Increasing demand for palm oil has led to concerns about its sustainability. Where palm oil plantation areas have expanded in producing countries this has been at the expense of tropical rainforests. Labour relations and use of pesticides at plantations are also causing concern.
The Roundtable for Sustainable Palm Oil (RSPO) is a multi-stakeholder group formed in 2004 promoting the growth and use of sustainable oil palm products through credible global standards and engagement of stakeholders.
Its GreenPalm scheme attempts to reward the sustainable production of palm oil by giving sustainable producers the right to sell certificates to manufacturers for a premium price.
Although the oil they receive is not necessarily sustainably certified, in buying certificates equivalent to a certain volume of palm oil a manufacturer is promoting the sustainable production of the crop.
Ethical sourcing challenges
AAK, though, has issued a cautionary note to bakers, warning the sector that simply buying RSPO-certified palm oil is not enough if they want to make claims about ethical sourcing.
MD Martin Craven said: “It is important to make clear that any user of RSPO-certified sustainable palm oil must be a member of the RSPO if they want to tell their customers and stakeholders about their use of sustainable palm oil.”
He added that there are strict rules about making such claims, in order to maintain the integrity of the system, but Craven argues this factor is not always made clear from the start by suppliers.

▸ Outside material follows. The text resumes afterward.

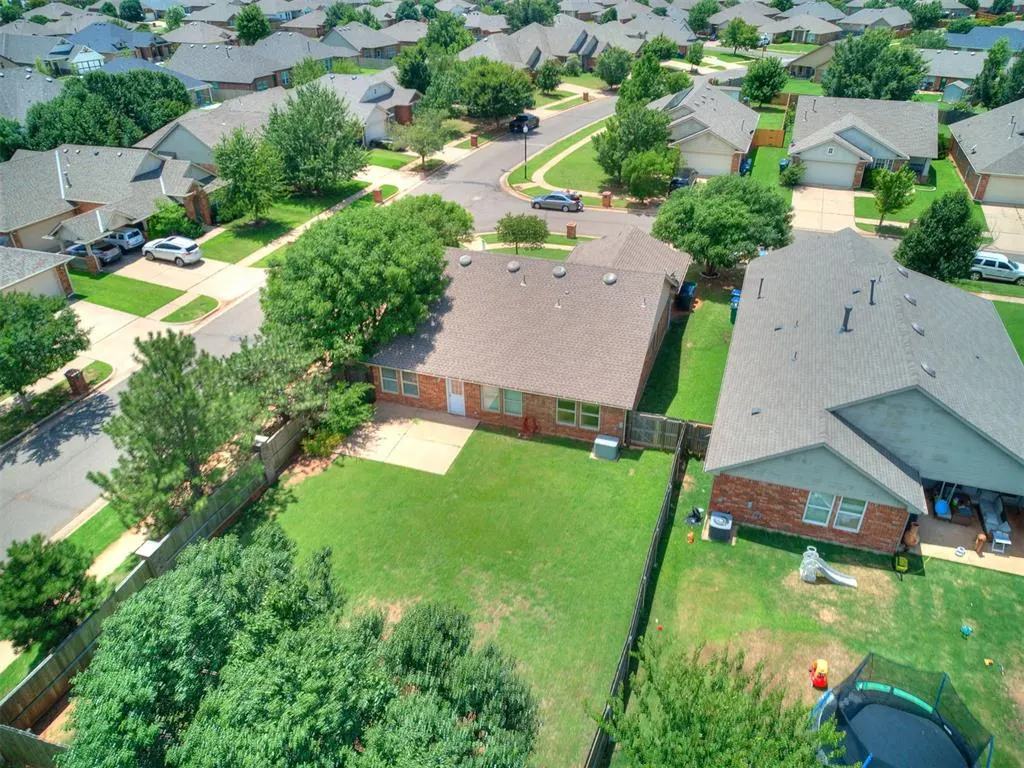 Photo 43 — 18100 Calle Way, Edmond, OK 73012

The company said its sustainability clinics, which were initiated last year, aim to explain the complexities of making sustainability claims and strive to guide manufacturers through the process.
“As a founding member of the RSPO, the last thing we want is for businesses to be deterred from using certified sustainable palm oil, so we’re doing all we can to help them buy it and make the most of it," commented Craven.
Bread improver supplier's goal
Last December saw another bakery ingredients supplier Sonneveld, a recent RSPO member, revealing its goal to use only sustainable palm oil in its bakery ingredients from 2013.
Jorrit de Bruin, Sonneveld product group manager, told BakeryandSnacks.com that, in order to reach this target, the company is assessing the options for buying only segregated palm oil.
He said that approximately 60 per cent of Sonneveld’s products, which include bread improvers and release agents, currently contain palm oil or fractions of palm oil.